▸ About this exercise:
Return each record verbatim, images excluded.

▸ Records shown:
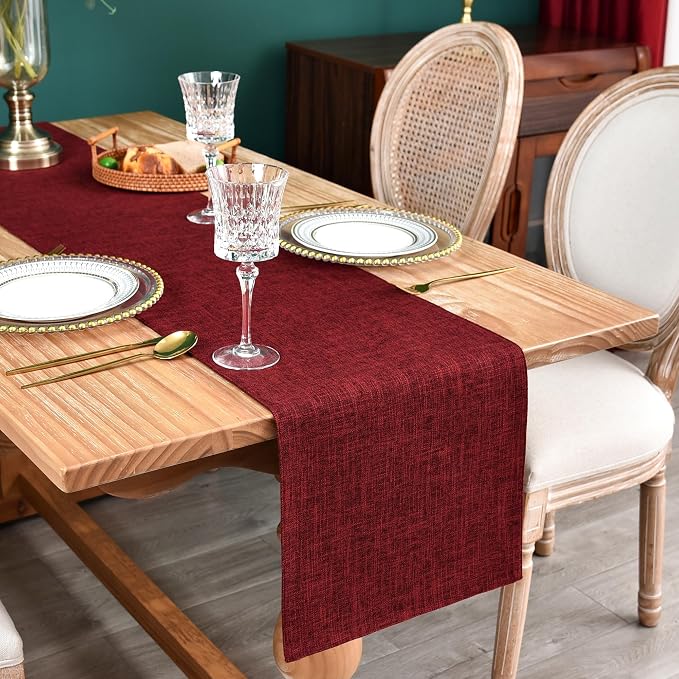 NEWISHER Reversible Double Layer Table Runner Faux Linen Fabric, 13x72inch | by Newisher
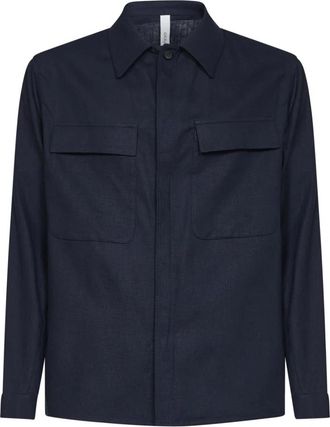 Hev&ograve; Licht Jack - Heren - Zomerjassen - Blauw - 2XL - Linnen - Jassen
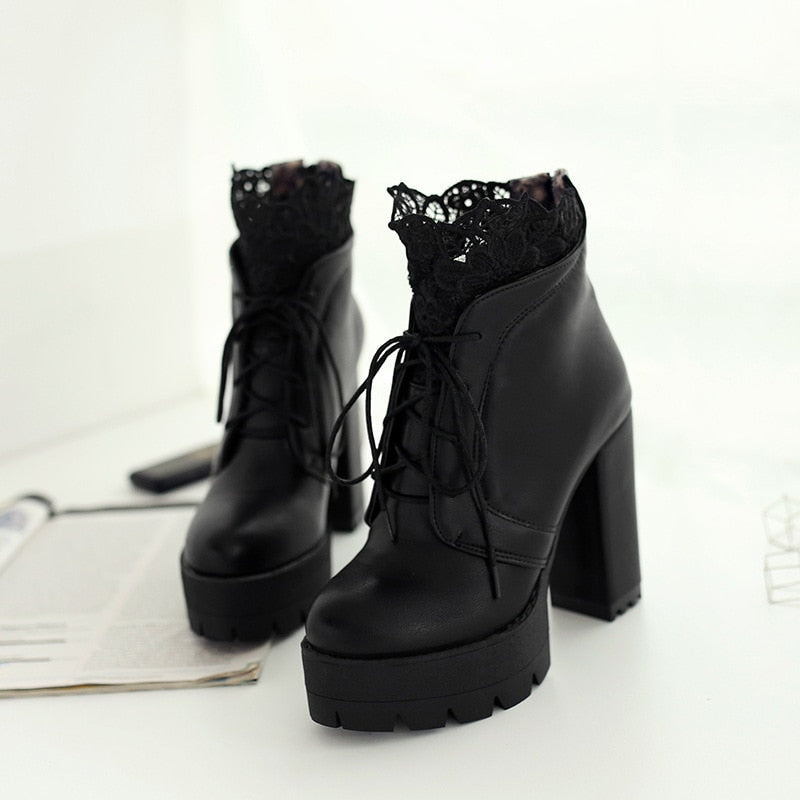 Gothic Victorian Lace Platform Boots – ROCK 'N DOLL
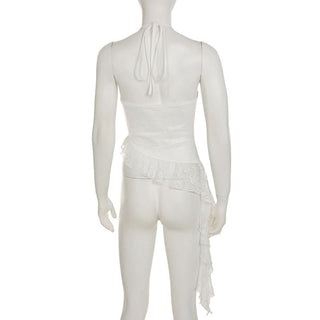 Irregular v neck self tie halter lace top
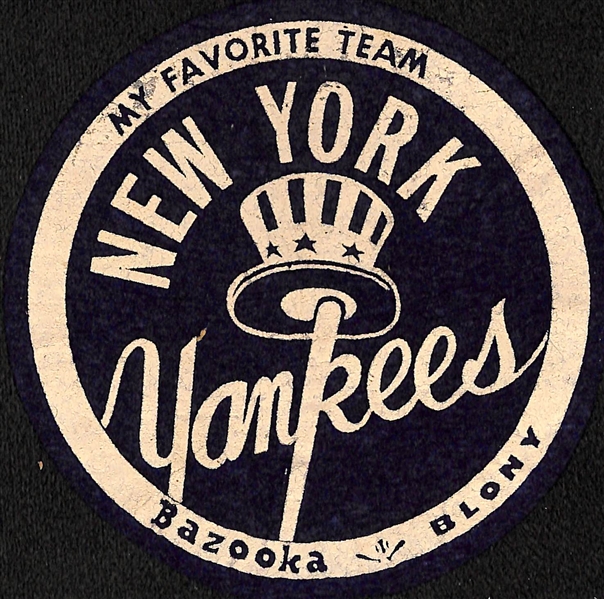 1956 Yankees 12-Photo Team Pack, 1957 Mickey Mantle Insert Photo From the Mickey Mantle Board Game, & 1959 Bazooka Blony NY Yankees Felt Patch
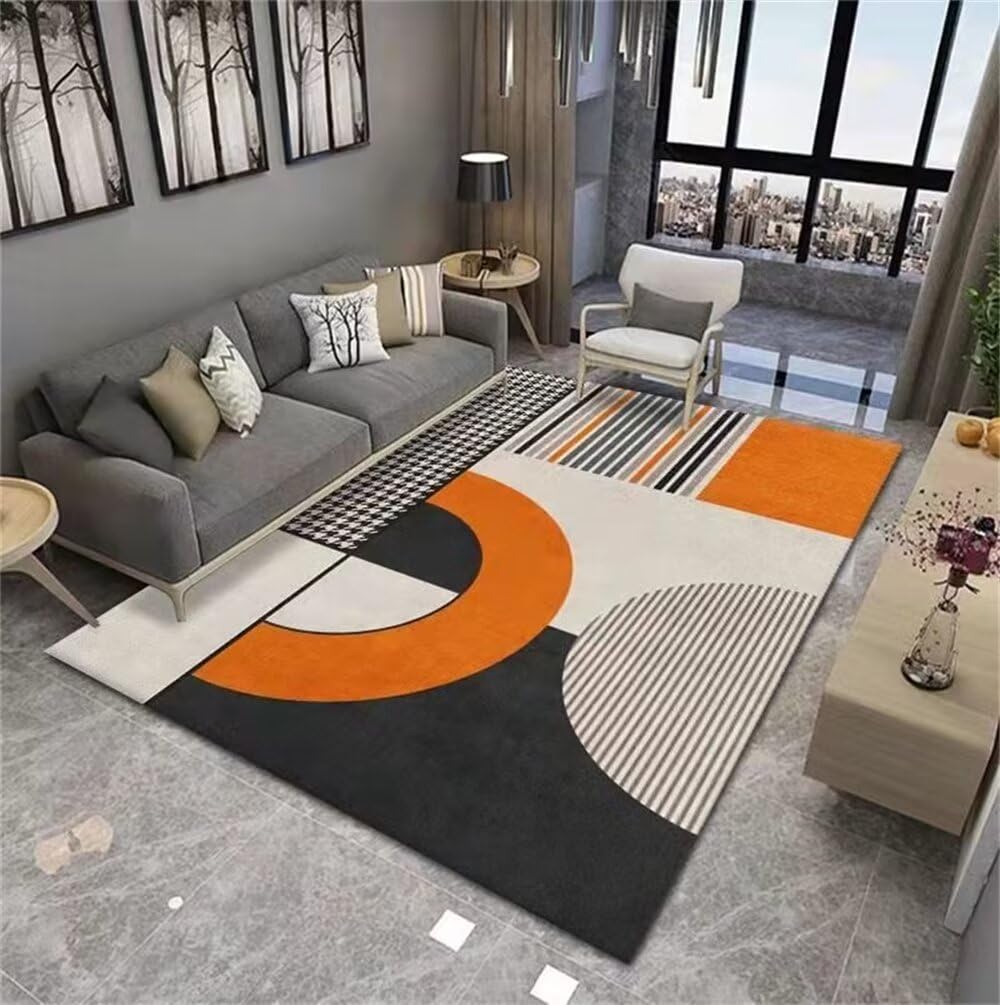 Tapis de salon unicolore orange 140x200 cm tapis poil court moderne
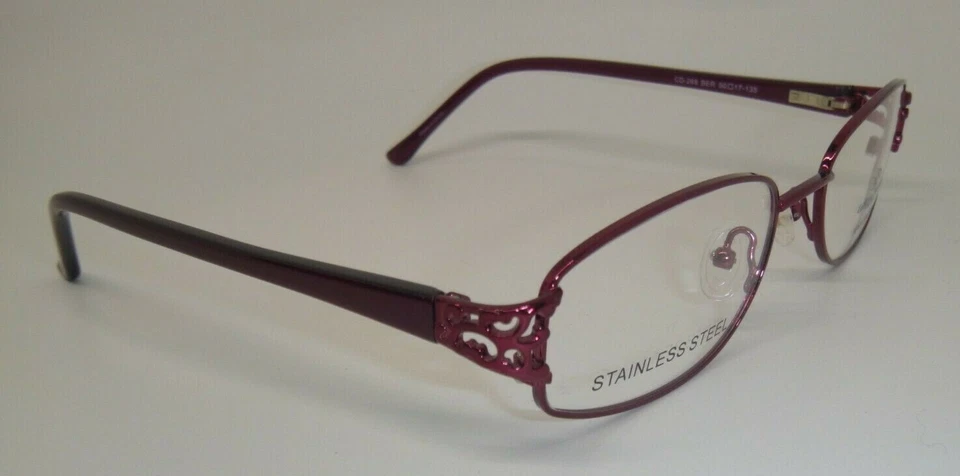 Catherine Deneuve Lunettes CD-268 BER Berry Metal Eyeglasses Frame 50-17-135 RX - Image 3 of 4
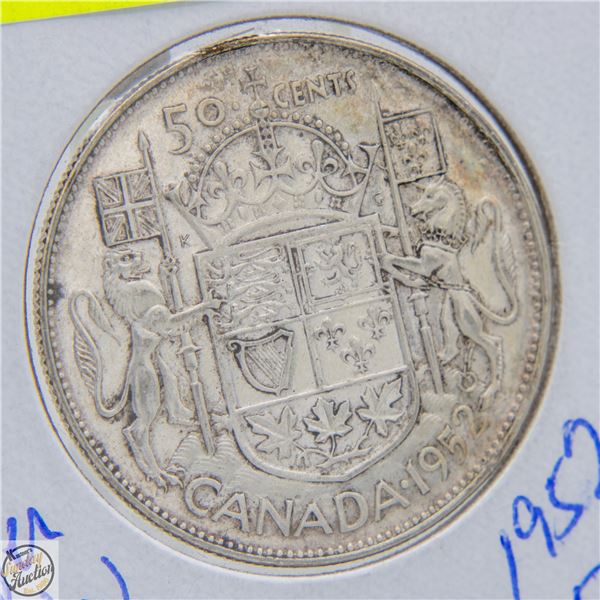 1952 CANADIAN SILVER HALF DOLLAR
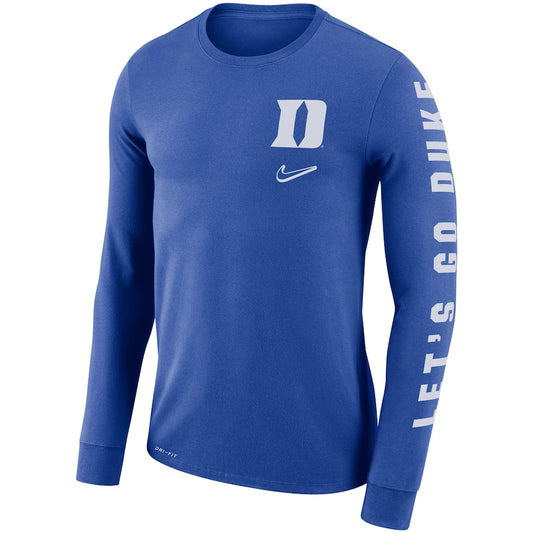 Men's Duke Blue Devils Nike College Dri-FIT Mantra Long-Sleeve T-Shirt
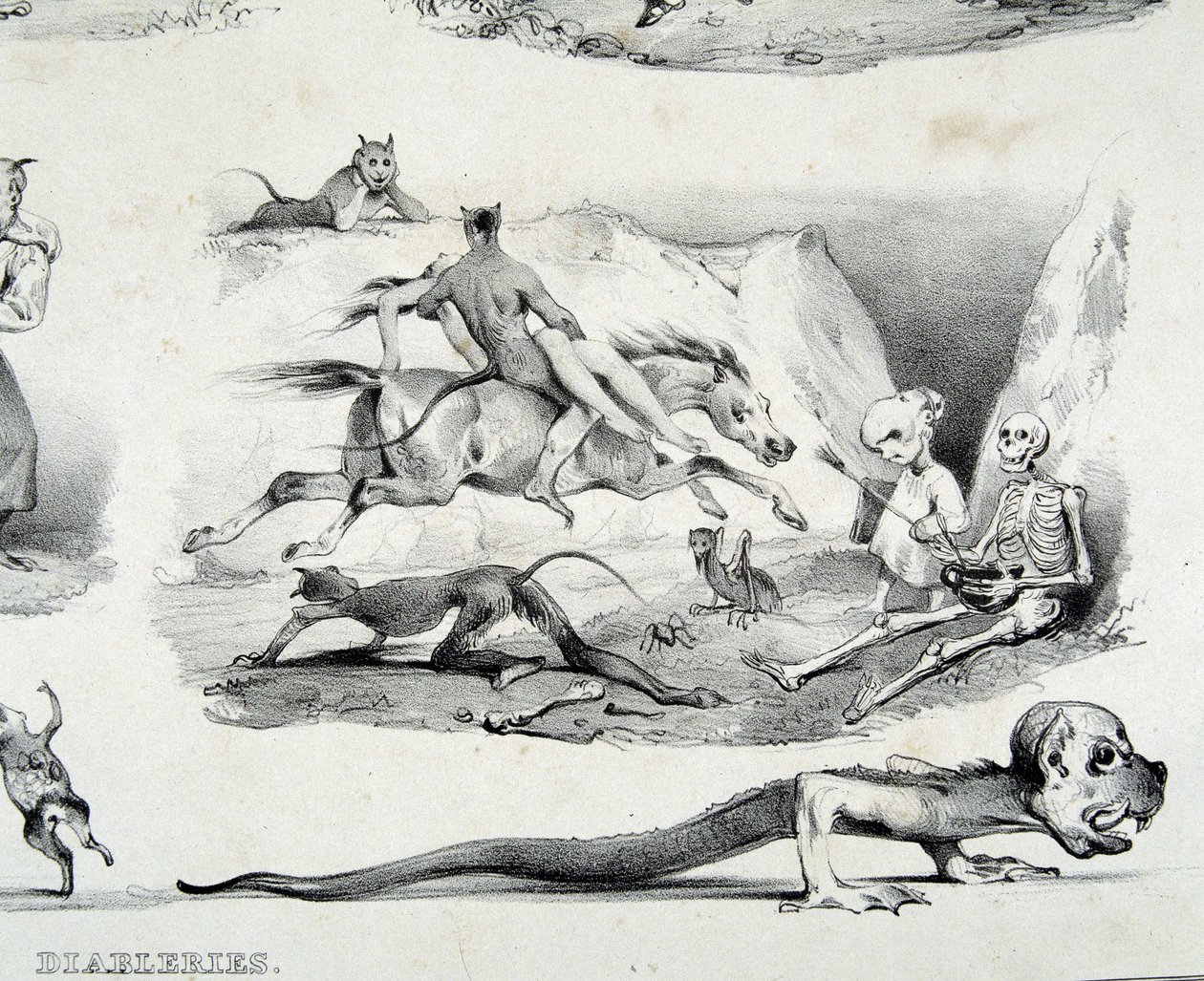Diableries (bilder av djevelen) - av Le Poitevin av French School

▸ Expected answer:
 NEWISHER Reversible Double Layer Table Runner Faux Linen Fabric, 13x72inch | by Newisher
 Hev&ograve; Licht Jack - Heren - Zomerjassen - Blauw - 2XL - Linnen - Jassen
 Gothic Victorian Lace Platform Boots – ROCK 'N DOLL
 Irregular v neck self tie halter lace top
 1956 Yankees 12-Photo Team Pack, 1957 Mickey Mantle Insert Photo From the Mickey Mantle Board Game, & 1959 Bazooka Blony NY Yankees Felt Patch
 Tapis de salon unicolore orange 140x200 cm tapis poil court moderne
 Catherine Deneuve Lunettes CD-268 BER Berry Metal Eyeglasses Frame 50-17-135 RX - Image 3 of 4
 1952 CANADIAN SILVER HALF DOLLAR
 Men's Duke Blue Devils Nike College Dri-FIT Mantra Long-Sleeve T-Shirt
Diableries (bilder av djevelen) - av Le Poitevin av French School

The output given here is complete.